Kota Manzikert terletak di atas kanan
yang ada tulisan 1071
Permohonan putus asa Byzantium ini baru mendapatkan perhatian yang memadai oleh Paus berikutnya, Paus Urban II. Pada musim semi 1095, paus mengizinkan utusan Byzantium untuk menyampaikan permohonan mereka di Konsili Piacenza. Paus Urban II memberi hukuman bagi bangsawan yang enggan membantu. Kemudian Paus, pada 27 November 1095, memberikan khotbah pada Konsili Clermont.  Reaksi para pendengar sungguh mengagetkan.
Paus Urbanus II dalam Konsili Clermont
Berkotbah dan terdengar teriakan "Deus Vult!", "Allah menghendaki"

Pidato
Pada tahun 1095 sebuah pertemuan akbar dilangsungkan di Clermont, Prancis. Dengan pidato yang berapi-api Paus Urbanus II membakar emosi umat Kristen :

"Hai orang-orang Franka, hai orang-orang di luar pegunungan ini, hai orang-orang yang dicintai Tuhan, yang jelas dari perilaku kalian, yang membedakan diri dari bangsa-bangsa lain di muka bumi ini, karena iman kalian, karena pengabdian kalian pada gereja suci; inilah pesan dan himbauan khusus untuk kalian: 

Kabar buruk telah tiba dari Yerussalem dan Konstantinopel, bahwa sebuah bangsa asing yang terkutuk dan menjadi musuh Tuhan, yang tidak lurus hatinya, dan yang jiwanya tidak setia pada Tuhan, telah menyerbu tanah orang-orang Kristen dan membumihanguskan mereka dengan pedang dan api secara paksa.


Tidak sedikit orang-orang Kristen yang mereka tawan untuk dijadikan budak, sementara sisanya dibunuh. Gereja-gereja, kalau tidak mereka hancurkan, mereka jadikan masjid. Altar-altar diporak-porandakan. Orang-orang Kristen mereka sunat, dan darahnya mereka tuangkan pada altar atau tempat-tempat pembaptisan. Beberapa mereka bunuh secara keji, yakni dengan membelah perut dan mengeluarkan ususnya. Mereka tendang orang-orang Kristen, dan mereka dipaksa berjalan sampai keletihan, hingga terjerembab di atas tanah. Beberapa dipergunakan sebagai sasaran panah. Ada yang mereka betot lehernya, untuk dicoba apakah bisa mereka penggal dengan sekali tebas. Lebih mengerikan lagi perlakuan mereka terhadap perempuan.

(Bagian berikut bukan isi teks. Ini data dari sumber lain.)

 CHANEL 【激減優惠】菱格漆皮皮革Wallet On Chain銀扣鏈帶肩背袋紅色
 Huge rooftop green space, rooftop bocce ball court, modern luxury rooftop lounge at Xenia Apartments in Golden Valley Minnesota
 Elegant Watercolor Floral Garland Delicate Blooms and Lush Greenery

Kewajiban siapa lagi kalau bukan kalian, yang harus membalas dan merebut kembali daerah-daerah itu? Ingatlah, Tuhan telah memberi kalian banyak kelebihan dibandingkan dengan bangsa-bangsa lain: semangat juang, keberanian, keperkasaan dan ketidakgentaran menghadapi siapapun yang hendak melawan kalian. Ingatlah pada keberanian nenek moyang kalian, pada kekaisaran Karel Agung dan Louis, anaknya serta raja-raja lainnya yang telah membasmi Turki dan menegakkan agama Kristen di tanah mereka. Kalian harus tergerak oleh makam kudus Tuhan Yesus Sang Juru Selamat kita, yang kini ada di tangan orang-orang najis; kalian harus bangkit berjuang, karena kalian telah tahu, banyak tempat-tempat suci yang telah dikotori, diperlakukan secara tidak senonoh oleh mereka.

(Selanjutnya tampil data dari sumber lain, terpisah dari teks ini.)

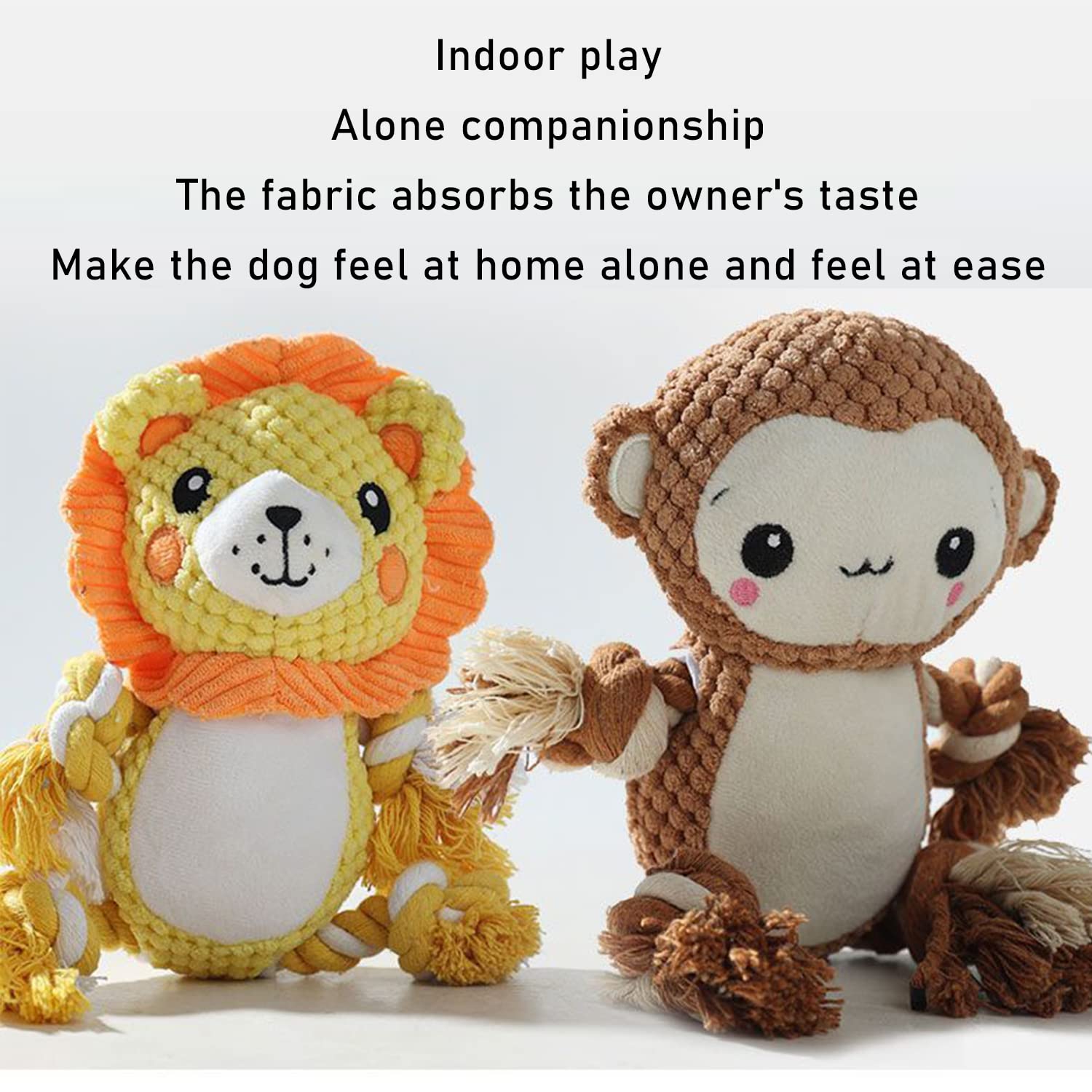 **Durable Plush Squeaky Dog Toy with Crinkle Paper - Chew-Resistant Stuffed Animal Toy for Small & Medium Dogs (Brown Monkey) - Perfect for Playtime, Training & Teething Puppies**
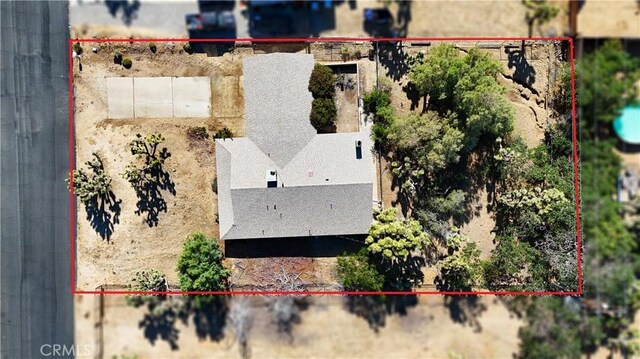 56620 Hidden Gold Dr, Yucca Valley, CA 92284 - view from above of property with property parcel outlined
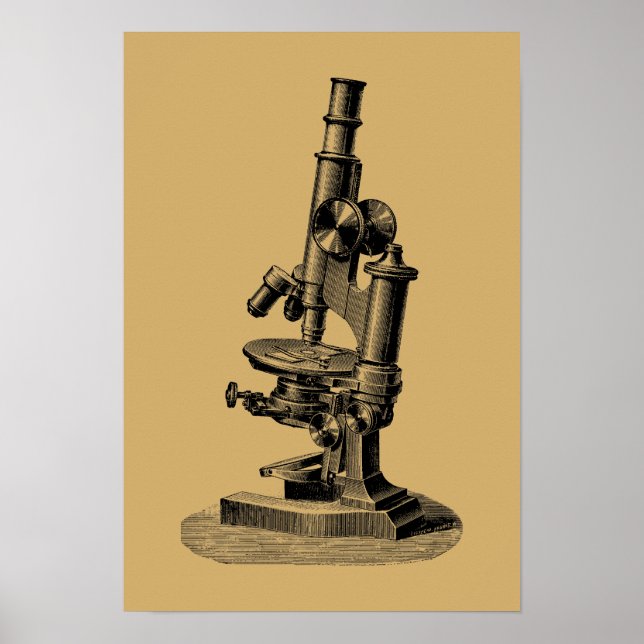 Antique 1892 Microscope "Steampunk" Art Poster (Front)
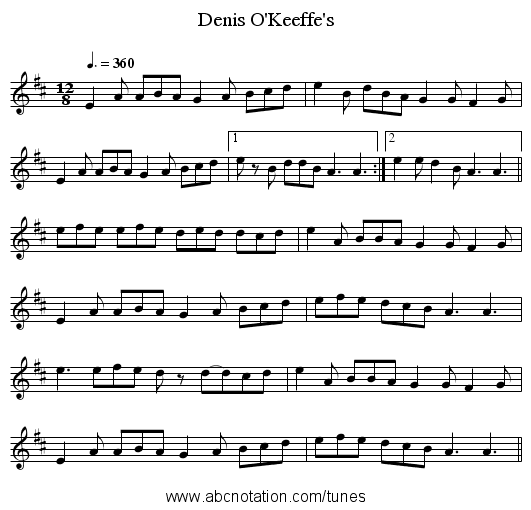 Denis O'Keeffe's - staff notation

Hai para ksatria pemberani, keturunan nenek moyang yang tak tertaklukkan, janganlah lebih lemah daripada mereka, tetapi ingatlah pada ketidakgentaran mereka. Jika kalian ragu-ragu karena cinta kalian kepada anak-anak, isteri, dan kerabat kalian, ingatlah pada apa yang Tuhan katakan dalam Injil: “Ia yang mengasihi ayah dan ibunya lebih daripada Aku, tidak pantas bagi-Ku”…Jangan biarkan apa yang menjadi kepunyaan kalian menghambat kalian. Kalian tak perlu khawatir dengan apa yang menjadi kepunyaan kalian. Negeri kalian telah padat penduduknya, dan dari semua sisi tertutup laut dan pegunungan. Tak banyak kekayaan di sini, dan tanahnya jarang membuahkan hasil pangan yang cukup buat kalian. Itulah sebabnya sering bertikai sendiri. Hentikan kesalingbencian dan pertengkaran kalian, hentikan peperangan antar sesama kalian. Bergegaslah menuju Makam Kudus, rebutlah kembali negeri itu dari orang-orang jahat, dan jadikan miliki kalian. Negeri itu, seperti dikatakan di dalam Alkitab, berlimpah susu dan madu, Allah memberikannya kepada anak-anak Bani Israil. Yerussalem, negeri terbaik, lebih subur daripada lainnya, seolah-olah surga kedua. Inilah tempat Juru Selamat kita dilahirkan, diperintah dengan kehidupan-Nya, dan dikuduskan dengan penderitaan-Nya. Bergegaslah, dan kalian akan memperoleh penebusan dosa, serta pahala di Kerajaan Surga."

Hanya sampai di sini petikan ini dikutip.